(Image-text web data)
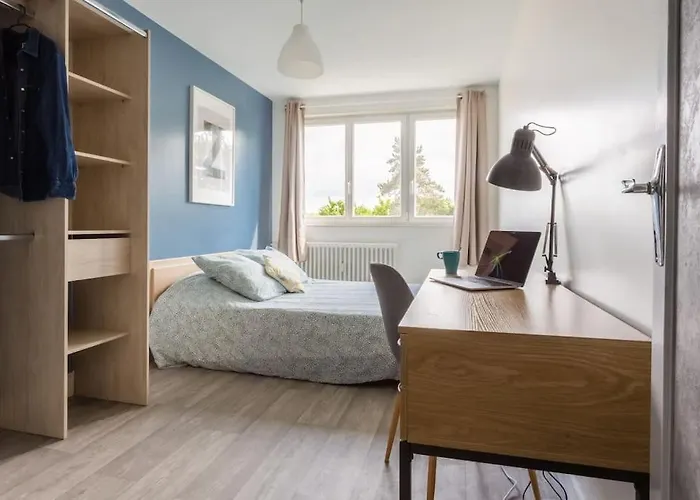 Apartman Bambou Yourhosthelper *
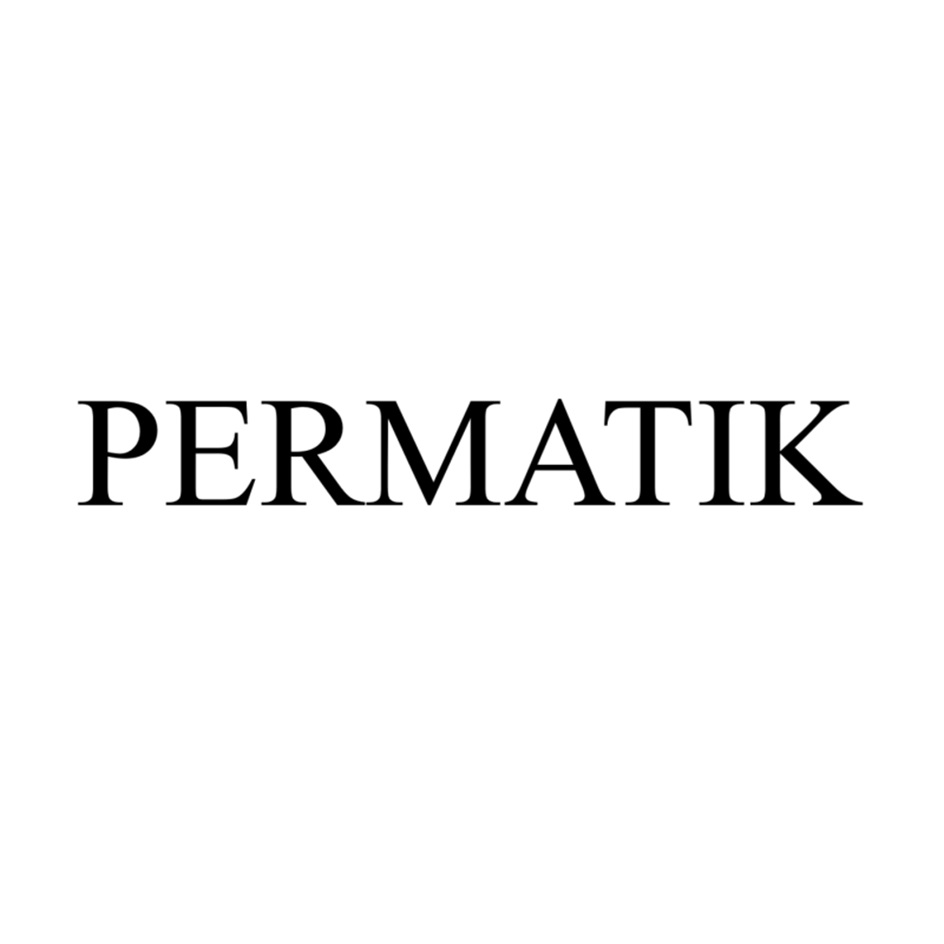 Изображение товарного знака PERMATIK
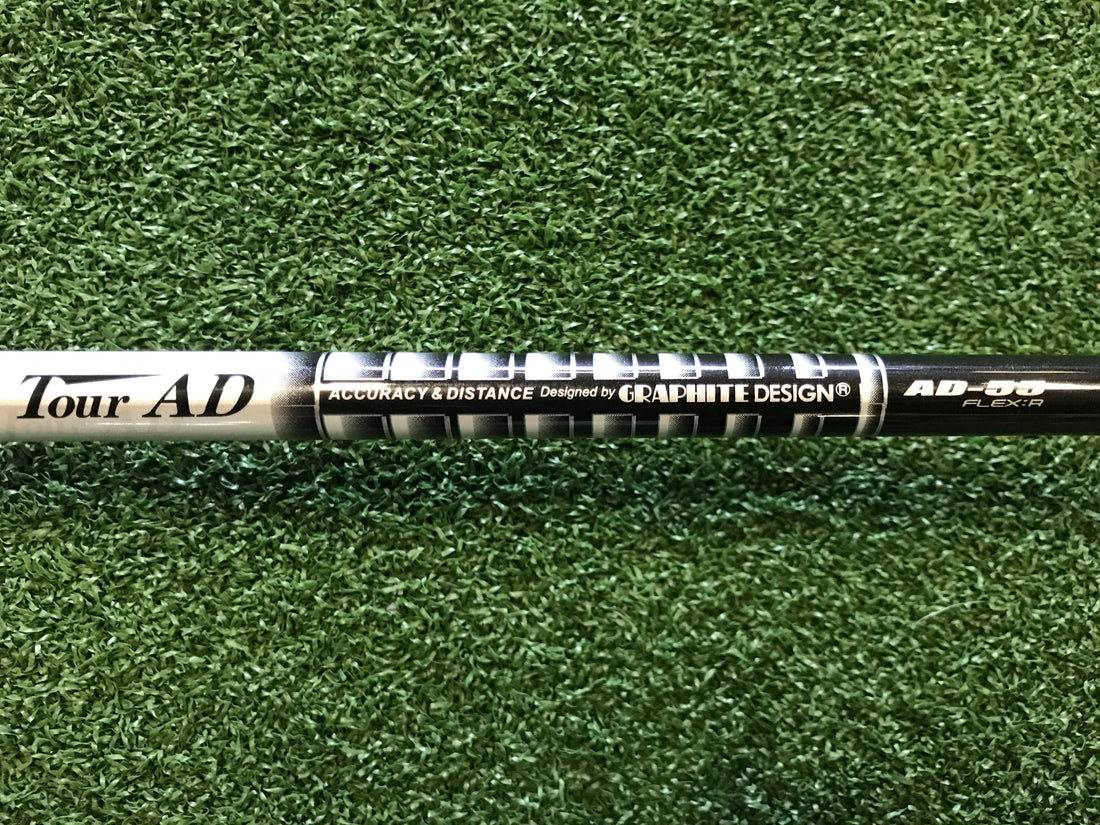 2017 Callaway Epic Flash Star 23° 5 Hybrid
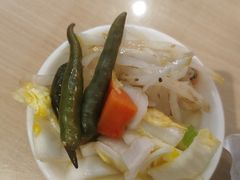 -闫家驴肉老店(华电一校店)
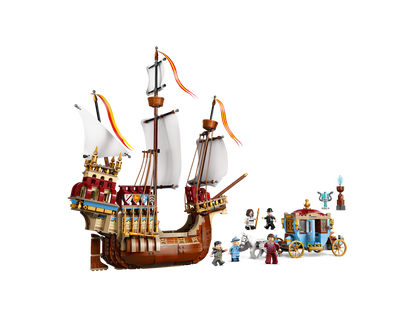 LEGO® set 76440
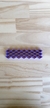 Formas Simples 7 - Conjunto Rombos 2cm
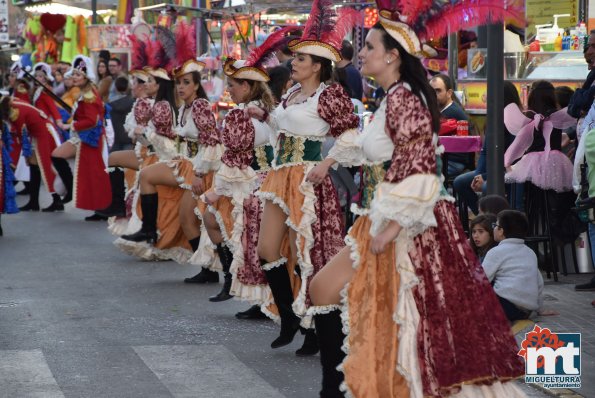 Desfile Domingo de Piñata Carnaval Miguelturra 2019-lote1-Fuente imagen Area Comunicacion Ayuntamiento Miguelturra-627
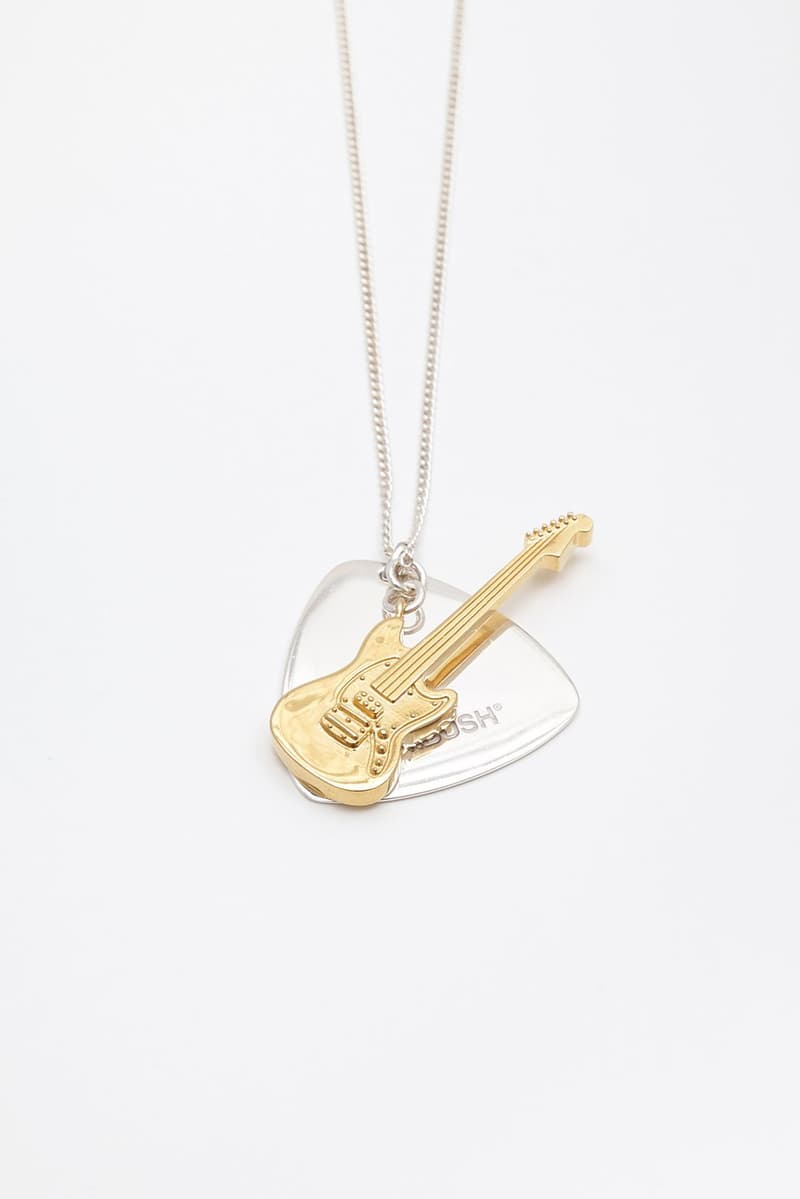 AMBUSH 2018 秋冬系列上架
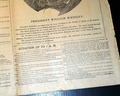 President McKinley is near death...   - Image 5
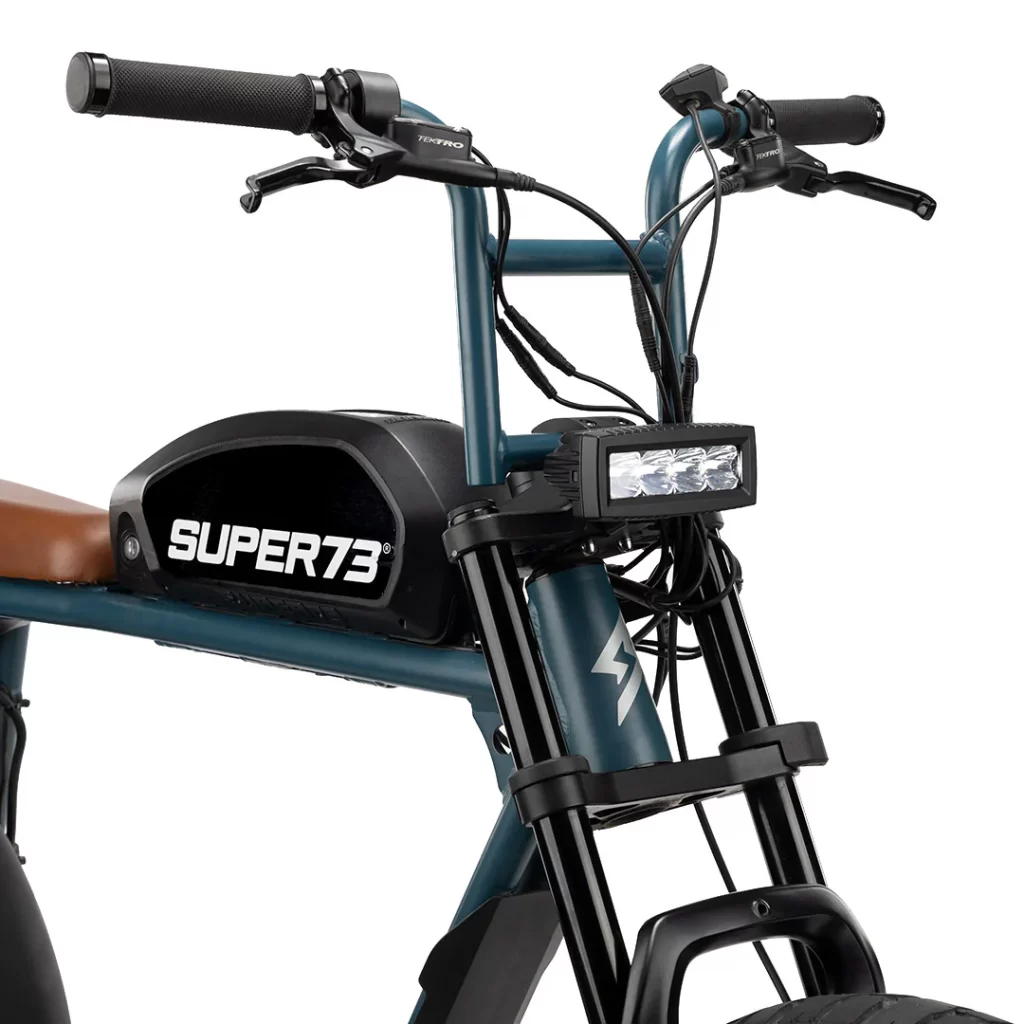 SUPER73 OG Light Bar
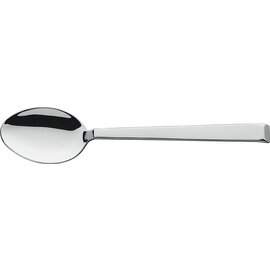dining spoon MODENA BSF stainless steel shiny  L 198 mm product photo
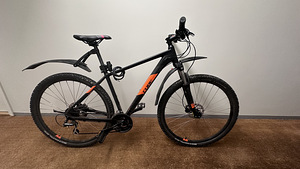 Jalgratas Cube Aim Pro 19 (2 foto / 2)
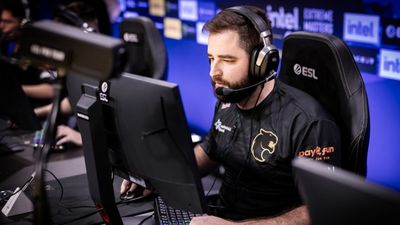 Brazilian CS GOAT stuns fans with incredible career longevity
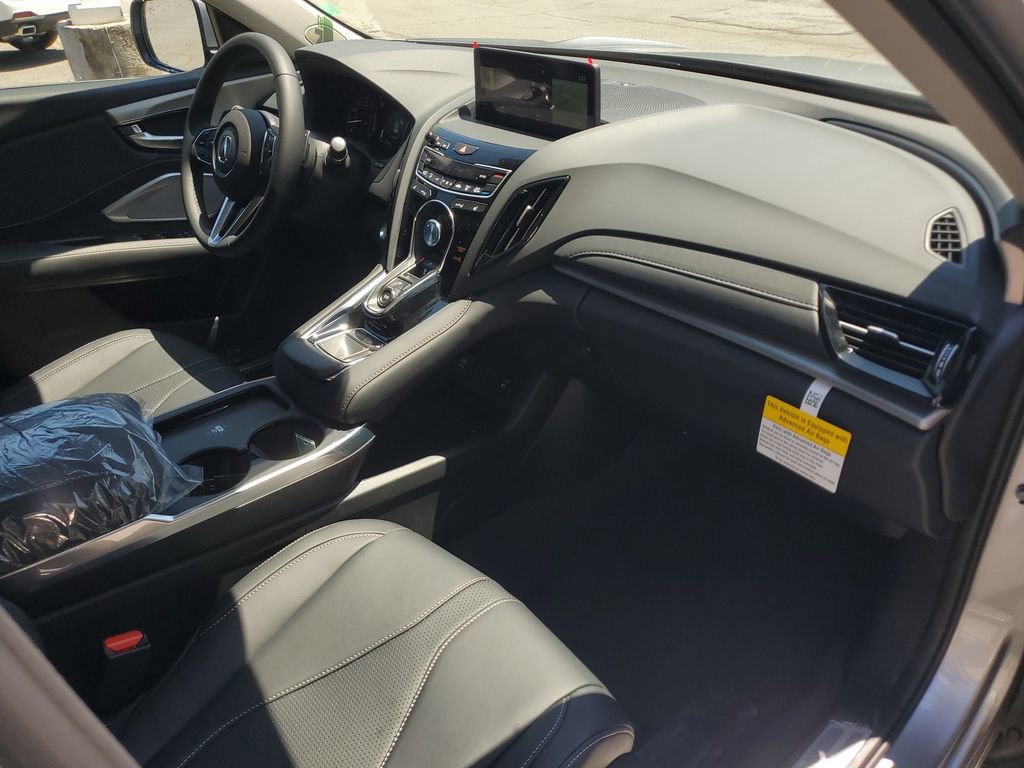 2026 Acura RDX w/ Technology Package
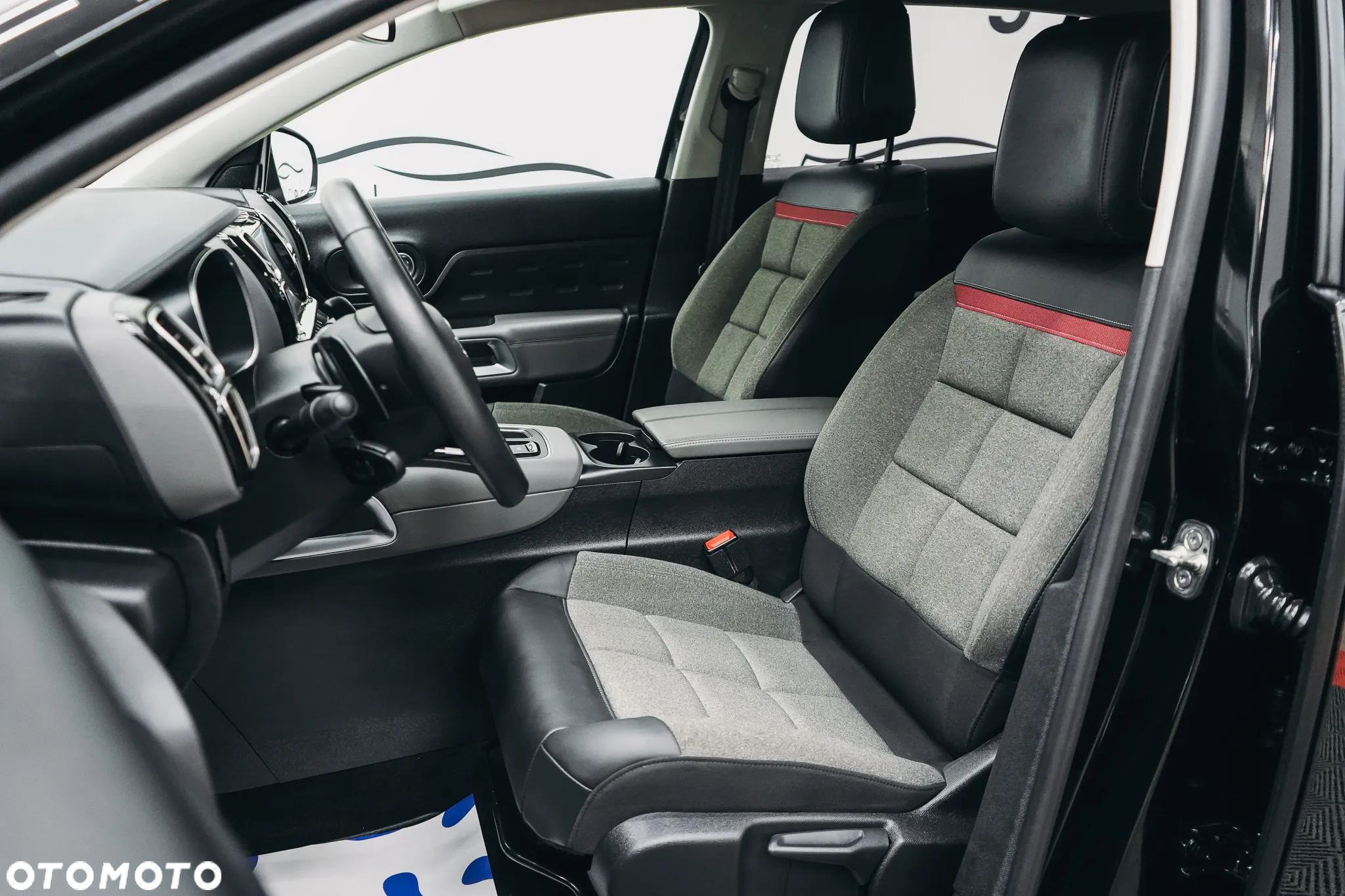 Citroën C5 Aircross 1.5 BlueHDi Feel EAT8 - 13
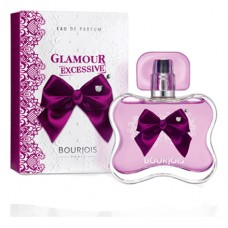 Bourjois Glamour Excessive фото духи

What is expected: Your response should consist solely of the lines from the line with "LEGO® set 76440" through the last line of the entries above, printed exactly and without pictures.

Solution for this task:
 LEGO® set 76440
 Formas Simples 7 - Conjunto Rombos 2cm
 Desfile Domingo de Piñata Carnaval Miguelturra 2019-lote1-Fuente imagen Area Comunicacion Ayuntamiento Miguelturra-627
 AMBUSH 2018 秋冬系列上架
 President McKinley is near death...   - Image 5
 SUPER73 OG Light Bar
dining spoon MODENA BSF stainless steel shiny  L 198 mm product photo
 Jalgratas Cube Aim Pro 19 (2 foto / 2)
 Brazilian CS GOAT stuns fans with incredible career longevity
 2026 Acura RDX w/ Technology Package
 Citroën C5 Aircross 1.5 BlueHDi Feel EAT8 - 13
 Bourjois Glamour Excessive фото духи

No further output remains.